Metrics and Evaluation Flashcards
Latency
The time it takes to get from starting a task to finishing it.
Throughput
How many things we can do per second. (or over some time period?)
Throughput = 1 / Latency ?
Not always! Pipelining, for example, can significantly improve throughput over 1 / Latency
Two metrics of performance
Latency and throughput
Speedup
Speedup = N where “X is N times faster than Y”
i.e., N = Speed(X) / Speed(Y) = Throughput(X) / Throughput(Y)
For latency, N = Latency(Y)/Lateny(X)
Performance as a function of latency and throughput
Performance is proportional to throughput, and proportional to 1/Latency
What are the types of benchmarks?
- Real applications
- Kernels
- Synthetic benchmarks
- Peak performance
Pros and cons of real applications for benchmarking?
Pro: Most representative
Con: Most difficult to set up, you need an OS, graphics cards, etc, and these might not all be set up
What is a benchmark?
A set of programs and input data agreed upon for performance measurement
What is an application kernel (re: benchmarking)? Pros and cons?

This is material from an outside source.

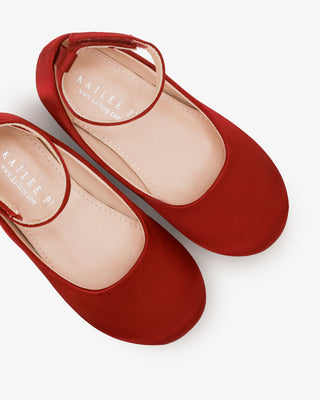 Burgundy Satin Flats with Velcro Ankle Strap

Only the most time-consuming part of an application. Pro: Better than using real applications
Con: but you still might be missing things that are necessary for running the kernel, i.e., a compiler
What is a synthetic benchmark?
Designed to emulate an application kernel, but is simpler to compile
What is peak performance (re: benchmarking)?
At best, how many instructions per second? This is really only good for marketing!
When should we use each type of benchmark?
When designing a new machine, synthetic benchmarks. We can run them at the design stage because they have minimal requirements, enabling us to choose the best design. However, they’re not great for reporting performance to others.
Once a prototype is built, we can use kernels!
Once we have a real machine that we are trying to sell someone, we should use real applications.
How do you compute the average of several speedup calculations? How do you NOT compute it?
Do NOT use the arithmetic mean! This is because speedups are ratios.
Say we get our speedup of 2 for one app because throughput changes from 2 to 4 and a speedup of 8 for another app because throughput changes from 1 to 8. Ideally we would calculate average speedup directly from these throughputs like this:
(8 + 4) / (1 + 2) = 12/3 = 4
Note this is NOT equal to the average of average speedups, (2 + 8) / 2 = 5.
If we only have the average speedups, we can use their geometric mean, i.e., for n speedups, the geometric mean = the nth root of the product of all n speedups. Geometric mean of 2 and 8 is sqrt(2*8) = 4.
We can use it because the speedup of geometric means of throughputs = the geometric mean of speedups.
sqrt(48)/sqrt(21) = 4 = sqrt(2*8)
Iron Law of Performance
CPU Time = # of instructions in program * CPI * clock cycle time, because:
instructions/program * cycles/instruction * seconds/cycle = seconds/program (after canceling cycles and instructions)